═════ DATA

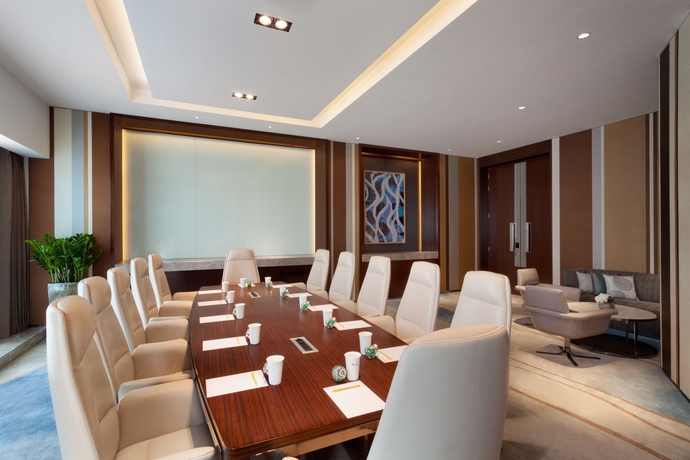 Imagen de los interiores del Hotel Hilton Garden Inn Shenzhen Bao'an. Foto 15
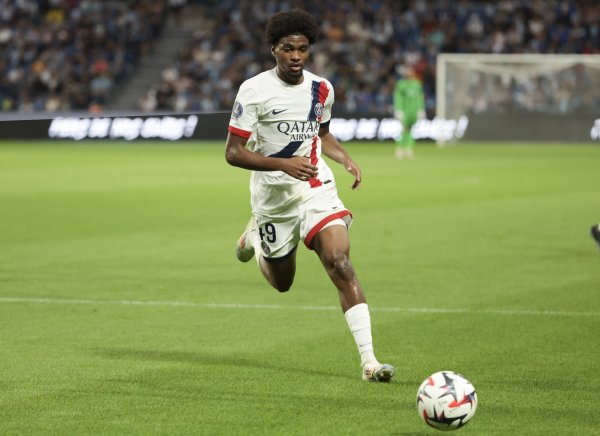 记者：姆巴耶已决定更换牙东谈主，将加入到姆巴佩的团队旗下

══════════
═════ DATA

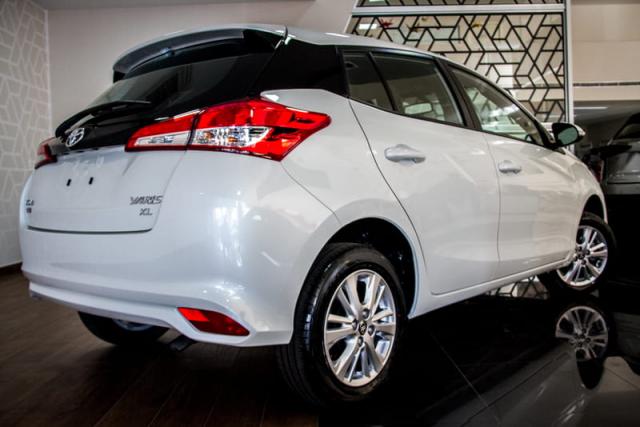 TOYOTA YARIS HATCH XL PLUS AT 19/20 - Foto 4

══════════
═════ DATA

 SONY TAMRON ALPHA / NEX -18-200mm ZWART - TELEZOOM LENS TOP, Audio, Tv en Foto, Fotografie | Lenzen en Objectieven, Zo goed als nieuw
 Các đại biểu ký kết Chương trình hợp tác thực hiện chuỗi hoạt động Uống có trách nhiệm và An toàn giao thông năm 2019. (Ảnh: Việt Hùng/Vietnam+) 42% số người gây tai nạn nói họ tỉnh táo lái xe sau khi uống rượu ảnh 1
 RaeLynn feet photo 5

══════════

Within the listing above, the range opens at the line with "Các đại biểu" and closes at the line with "RaeLynn feet photo 5". Reproduce exactly the lines of that range, including both ends.

 Các đại biểu ký kết Chương trình hợp tác thực hiện chuỗi hoạt động Uống có trách nhiệm và An toàn giao thông năm 2019. (Ảnh: Việt Hùng/Vietnam+) 42% số người gây tai nạn nói họ tỉnh táo lái xe sau khi uống rượu ảnh 1
 RaeLynn feet photo 5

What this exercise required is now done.